The Miami Herald calls it “a move meant to deflect criticism that the government’s investment was a tool to manipulate the election” to prevent strongman Hugo Chavez from being recalled.
However, a Bizta press release calls the transaction the repayment of a “loan,” not a stock buyback.
“The announcement by software maker Bizta Corp. comes amid en escalating uproar in Venezuela over the reliability and trustworthiness of the ‘touch-screen’ voting machines, purchased [by the government’s National Electoral Commission] in February for $91 million. The machines have never been used in an election anywhere,” the Herald‘s Richard Brand reports.
“‘They were caught. We discovered the fraud and now they are covering it up,’ said Ernesto Alvarenga, an opposition congressman. ‘We still have to be careful. All of this is related to the electronic fraud that they are trying to achieve,” according to the Herald.
“The Herald also reported that a top official in Venezuela’s science ministry, Omar Montilla, joined Bizta’s board of directors in December to represent the government’s three million shares. Two months later, the National Electoral Council a warded Bizta and partners Smartmatic and CANTV the $91 million.
“Bizta officials said Friday they were buying back the shares, purchased for about $200,000, to address concerns about the government’s influence in the company as it prepares for the critical August referendum,” the Herald reports.
However, the Herald quotes a Bizta news release as saying that the company is not buying back shares, but “repaying the .. loan.”

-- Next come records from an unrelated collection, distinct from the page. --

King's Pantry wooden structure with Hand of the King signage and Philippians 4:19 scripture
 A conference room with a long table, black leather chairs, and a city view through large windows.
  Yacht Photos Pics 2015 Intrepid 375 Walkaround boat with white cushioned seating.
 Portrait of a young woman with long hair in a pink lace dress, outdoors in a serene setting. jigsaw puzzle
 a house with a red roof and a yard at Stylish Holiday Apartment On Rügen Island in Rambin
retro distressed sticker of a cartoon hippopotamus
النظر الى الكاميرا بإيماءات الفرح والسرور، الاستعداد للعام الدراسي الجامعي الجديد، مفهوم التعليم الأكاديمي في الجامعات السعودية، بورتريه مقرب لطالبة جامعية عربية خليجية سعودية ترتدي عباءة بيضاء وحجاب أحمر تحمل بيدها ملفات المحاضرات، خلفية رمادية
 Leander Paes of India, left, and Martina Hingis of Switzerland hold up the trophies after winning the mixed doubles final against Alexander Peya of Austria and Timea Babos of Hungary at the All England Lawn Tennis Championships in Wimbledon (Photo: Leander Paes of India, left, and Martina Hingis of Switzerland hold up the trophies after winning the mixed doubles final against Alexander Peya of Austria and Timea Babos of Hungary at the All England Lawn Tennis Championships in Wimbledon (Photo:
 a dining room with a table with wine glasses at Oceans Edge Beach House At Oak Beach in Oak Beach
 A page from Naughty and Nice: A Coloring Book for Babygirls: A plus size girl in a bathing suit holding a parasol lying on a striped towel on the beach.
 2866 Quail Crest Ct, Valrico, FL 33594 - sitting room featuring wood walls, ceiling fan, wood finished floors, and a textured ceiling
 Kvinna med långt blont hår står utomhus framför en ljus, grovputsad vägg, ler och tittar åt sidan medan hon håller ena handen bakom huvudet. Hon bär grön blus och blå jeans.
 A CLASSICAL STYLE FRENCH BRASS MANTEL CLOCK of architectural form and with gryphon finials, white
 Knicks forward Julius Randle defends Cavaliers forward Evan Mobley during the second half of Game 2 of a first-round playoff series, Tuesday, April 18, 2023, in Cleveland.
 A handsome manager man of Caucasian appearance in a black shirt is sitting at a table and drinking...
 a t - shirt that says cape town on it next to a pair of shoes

“Given our current engagements, even the appearance of a conflict of interest is unacceptable, and as a result, we are repaying the . . . loan and Omar Montilla is stepping down from our Board of Directors,” Eduardo Correia, a Bizta official, says in a company press release quoted by the Herald.
“The sudden decision also comes one day after The Herald started asking Bizta executives about Montilla’s background. Montilla, the Herald learned, was an ally of Chavez who had an intricate role in his 1998 election campaign,” the Herald says.
“Montilla had been a top official in a group called UNEPAD, formed by then presidential candidate Chavez’s Patriotic Pole coalition in 1997 to monitor his first election and conduct exit polls, among other things. Most Venezuelan political parties maintain monitoring groups such as UNEPAD to protect their party interests at the polls,” according to the report.
“While working for the Chavez campaign in 1998, Montilla was given the task of evaluating the effectiveness of electronic voting machines being used at the time, an optical scanner system built by Omaha-based Election Systems & Software, former UNEPAD members said.
“As an electronic engineer, his job was to make sure that Chavez would not be cheated in the election, a former UNEPAD member said,” according to the Herald, which added that “Montilla declined several requests to be interviewed.”
Source:
Richard Brand, “Voting-system firm drops Venezuela as an investor,” Miami Herald, June 12, 2004, as part of Rep. Carolyn Maloney package to Treasury Secretary John Snow, May 4, 2006.
1. Letter_to_Sec_Dep_Treasury_CarolynMaloney.pdf
1. The repurchase of the shares by Bizta is a first step to avoid leaving evidence of the Venezuelan regime’s relationship and intervention with Smartmatic and Bizta, companies that have the same management structure?
2. Could one reasonably presume that these actions were a way of attempting to hide the company’s and executives’ relations with the Chavez government, given the hailstorm of criticism from independent election experts and the Venezuelan democratic opposition?
3. Are they trying to mask the government’s obvious role of power over Bizta’s decisions?
4. What does this mean for electronic voting in the United States?